Comment by koakuma-chan
Comment by koakuma-chan a day ago
> What if the file name is not valid UTF-8
Nothing? Neither Go nor the OS require file names to be UTF-8, I believe
Comment by koakuma-chan a day ago
> What if the file name is not valid UTF-8
Nothing? Neither Go nor the OS require file names to be UTF-8, I believe
That sounds like your kernel refusing to create that file, nothing to do with Go.
$ cat main.go
package main
import (
"log"
"os"
)
func main() {
f, err := os.Create("\xbd\xb2\x3d\xbc\x20\xe2\x8c\x98")
if err != nil {
log.Fatalf("create: %v", err)
}
_ = f
}
$ go run .
$ ls -1
''$'\275\262''='$'\274'' ⌘'
go.mod
main.go
I've posted a longer explanation in https://news.ycombinator.com/item?id=44991638. I'm interested to hear which kernel and which firesystem zimpenfish is using that has this problem.
I believe macOS forces UTF-8 filenames and normalizes them to something near-but-not-quite Unicode NFD.
Windows doing something similar wouldn't surprise me at all.

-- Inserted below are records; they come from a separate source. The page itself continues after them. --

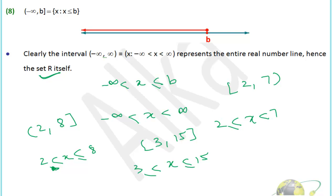In the next session we'll be starting the actual topic of functions. We'll discuss the basic terminologies: what is domain, what is range, what is co-domain, how to find the domain and range of any function, and the relationship and basic differences between relations and functions. Please revise this session and the previous one. Bye!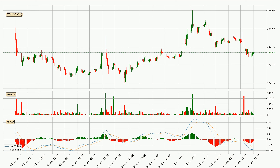Looking at the current hourly MACD, the MACD line is below the signal line, which shows that the current trend is on the downside. However, the price is expected to remain stable for some time because the MACD histogram shows that the momentum is currently shifting upwards. You should wait and see if the MACD line will cross the signal line, which will be bullish.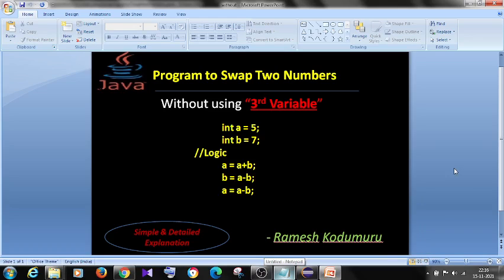Hi all, welcome to my YouTube channel Masters in Selenium. Today we are going to write a program to swap two numbers without using a third variable.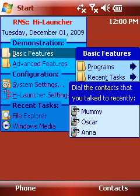As you can see, I talked to Anna, Oscar, and my mom a while ago. I can simply tap to call them again.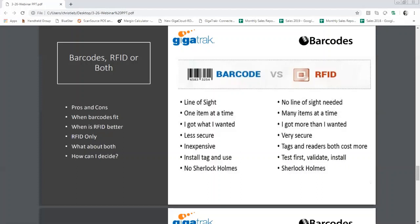We have something called the Geiger counter function — or we call it the Sherlock Holmes function. With RFID tags, I can discover assets by taking the RFID reader and putting it in Geiger counter or Sherlock Holmes mode and walking around. The closer I get to a particular tool, the louder it gets — basically letting me know I'm getting closer and closer. RFID is a phenomenal tool for discovering things on a job site that are misplaced, lost, or hard to find in a warehouse. With barcodes, there's no Sherlock Holmes mode — if I can't see it, I'm stuck.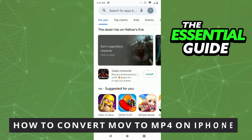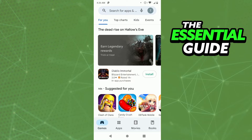Hello everybody, how's it going? Today I'll be teaching you how to convert MLV to MP4 on your iPhone. The first thing you need to do is go to your Play Store or your Apple Store.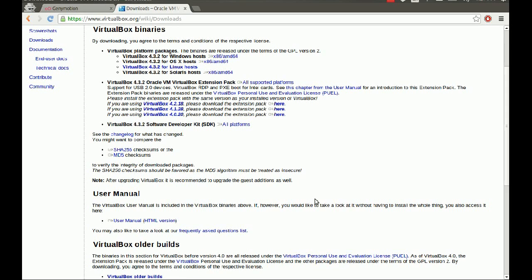Hello everyone and welcome to this new tutorial. Today I'm going to be showing you how to install the very popular G9Motion. G9Motion is an Android emulator that uses VirtualBox to emulate the Android workspace.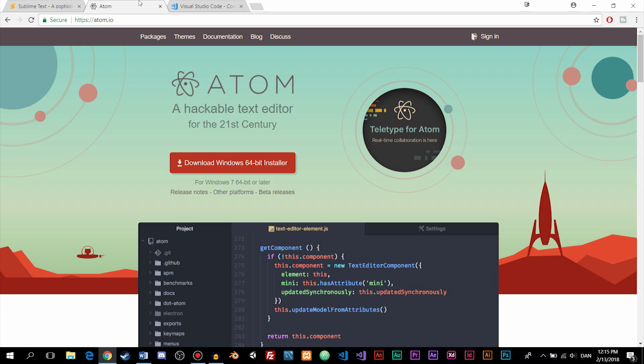But if you absolutely have to, then you can change the color scheme inside the editor after you install it. And we'll also do that in the next episode if you wish to see that.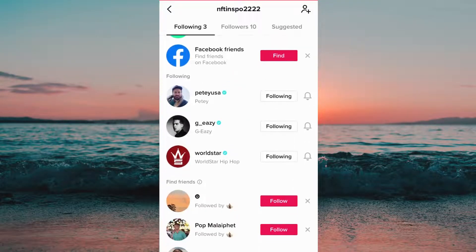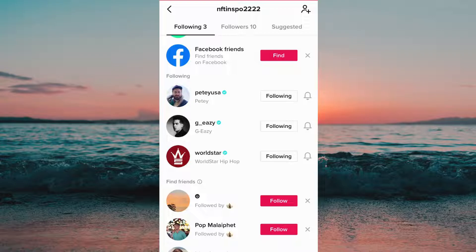You can see that I'm currently following three people right now, but I want to unfollow them fast. Some of you are probably following much more than three people, but that is okay — just keep watching and I will show you how to unfollow all of them fast.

I believe NTFS internally stores filenames as UTF-16, so enforcing UTF-8 at the API boundary sounds likely.
I'm confused, so is Go restricted to UTF-8 only filenames, because it can read/write arbitrary byte sequences (which is what string can hold), which should be sufficient for dealing with other encodings?
Go is not restricted, since strings are only conventionally utf-8 but not restricted to that.
> That sounds like your kernel refusing to create that file
Yes, that was my assumption when bash et al also had problems with it.
Well, Windows is an odd beast when 8-bit file names are used. If done naively, you can’t express all valid filenames with even broken UTF-8 and non-valid-Unicode filenames cannot be encoded to UTF-8 without loss or some weird convention.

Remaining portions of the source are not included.